Ela caiu na gargalhada e disse que deixou o ex-apartamento da filha um brinco, tudo limpo e cheiroso, e que tinha conseguido resolver as outras pendências, ao optar por facilitar a vida, e simplificar a agenda, deixando para depois, o que pode ficar para depois.
Não dormi naquela noite, véspera de natal, com aqueles dois gestos daquela filha. o primeiro de adiar os sonhos, caso o pai piorasse. O segundo, de esquecer dela mesma, pegar um rodo e uma vassoura, e ajudar os filhos.

Você deve estar me perguntando: Por que tu lembrou disso Ricardim? Quase dois meses depois.
É que hoje ela teve sessão comigo, e me mostrou um WhatsApp que recebeu da filha, acessando-o ao estacionar aqui na Ânimo. O texto era de quatro palavras.
"Mãe, eu te amo!"
Perguntei se tinha ocorrido algo ontem, para que a filha se expressasse daquele jeito. Ela me disse que não. Que foi algo de que ela não esperava, aquele eu te amo, pois não fizera nada de especial
Aí lembrei-lhe que ela fez sim. Ela pegou um rodo e uma vassoura e foi ajudar.

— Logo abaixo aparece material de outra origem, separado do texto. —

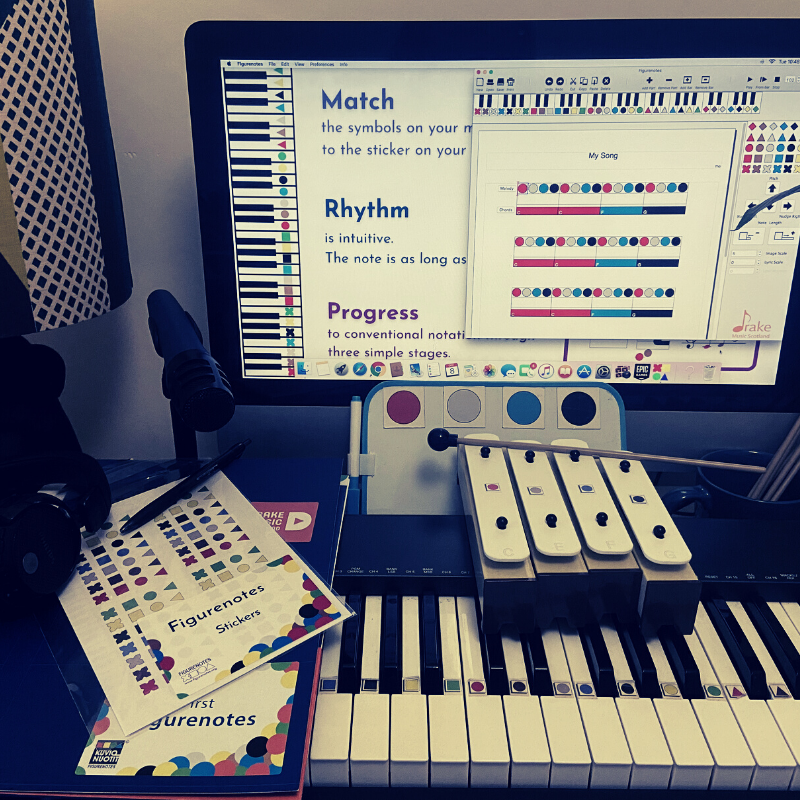 A lot of Figurenotes resources gathered around a computer and a keyboard with figurenotes stickers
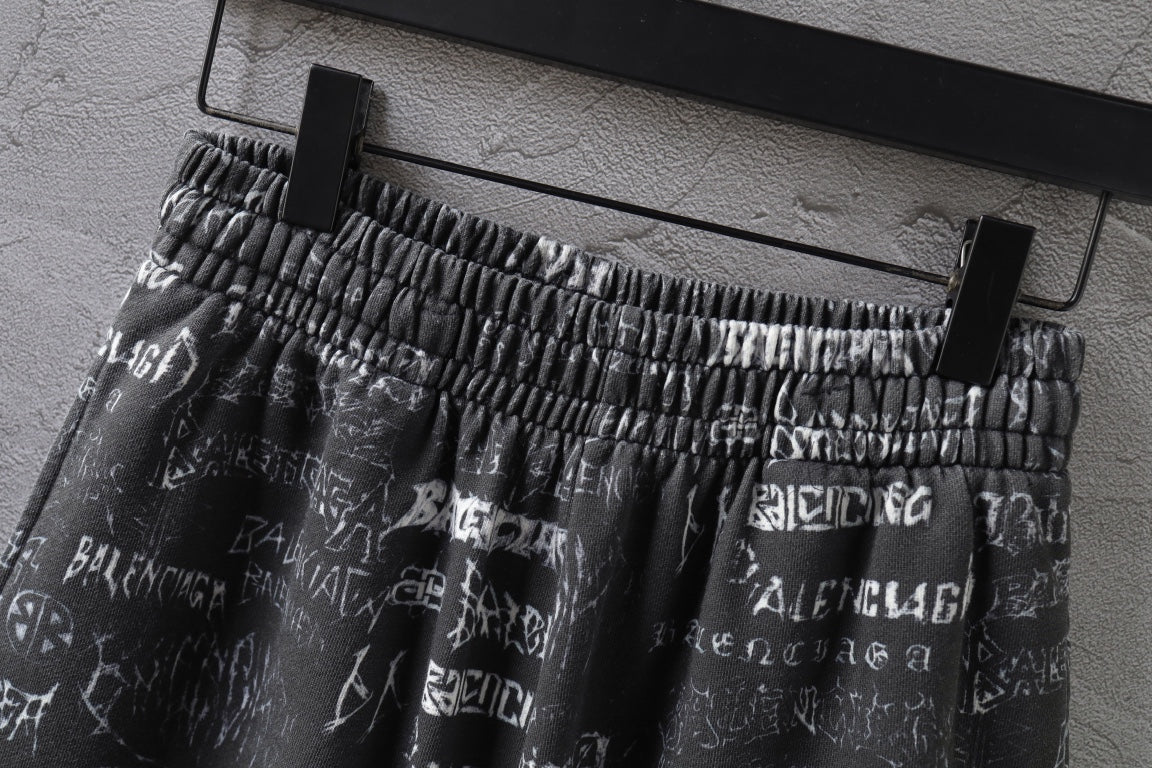 Balenciaga patterned shorts on hanger, elastic waistband and white logo print visible.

Então ela sorriu, um sorriso lua cheia, e disse que aquilo era a essência dela, como mãe, e que independente dos filhos retornarem com palavras de carinho, ela sempre estaria ali, pertinho deles, com um rodo e uma vassoura, para apoiá-los em tudo que fosse possível, sem tirar deles a capacidade deles mesmos se responsabilizarem pelas suas próprias vidas.
Uauuu!!!
Lembrei de minha mãe e pai, do quanto pegaram seus rodos e vassouras para limpar as sujeiras que eu ia deixando pela vida.
Lembrei de tantos amigos que foram solidários comigo, em momentos difíceis pelo qual eu passei (coração) e o JG (UTI Neo-Natal).
Para eles, eu queria dizer, voltando as fitas de meu viver, "eu te amo".
E, como é bom receber um "eu te amo!"
Minha paciente não sabia onde colocar tanta alegria. Olhava aquela telinha do celular como se fosse um bilhete de loteria premiado.
Esqueceu até de contar dos quinze dias que passou na Espanha, estudando, dado que o amor - expresso pela filha, literalmente trocou a agenda da sessão. O amor altera agenda e cria novas prioridades.
Receber um "eu te amo" deve ser o que mais em nós produz endorfinas. Não temos mais como ser os mesmos, após alguém nos dizer: eu te amo.
O impacto dessa frase em nós nos eleva à condição de eternos demais, para sermos mortais.
Aprendi muito nesta sessão. Aprendi que um coração disponível para ajudar, com o que tem, um rodo e uma vassoura, pode galvanizar nas paredes do coração uma marca de cuidado e atenção, para om o outro, cuja lembrança nunca será esquecida.
Aquela jovem, também aprendeu, com o exemplo da mãe, que mesmo assoberbada com suas próprias tarefas, esqueceu tudo para ajudá-la, uma lição linda. Trocou prioridades pela força do amor.
De um amor que se expressa, de um amor que se converte em práticas, saindo das piedosas intenções que não se mexem em ações.
Se só o que temos para ajudar é a nossa disponibilidade generosa, talvez seja isto mesmo o que mais a pessoa esteja precisando.
Será que eu faria aquilo? Será que deixaria minhas pendências que me alucinam numa frenética ansiedade, para ir socorrer alguém com algum serviço que sei fazer, e que posso fazer?
Quantos rodos e vassouras estão guardados em meu coração, esperando que eu dê a eles uma oportunidade de servi-los aos outros?
O que de fato, ao ingressar o amor com sua agenda própria, em nosso viver, vale a pena ser adiado, cancelado, ou simplesmente deixado pra lá, para que aquele momento seja vivido em sua completude maior.
O amor nos completa. E, só ele tem o dom de elastecer o tempo, ecoando no infinito os instantes vividos no hoje, e alterando toda a ordem e natureza das coisas.
Quando ele se faz presente, e em nós se manifesta, ele dá um novo significado às nossas vidas, e ao próprio tempo, nos tornando lendários ao ler uma frase assim: "mamãe, eu te amo!"
Agora vou ali comprar mais rodos e vassouras, para ter maior disponibilidade de apoiar pessoas, na área de serviço de meu coração!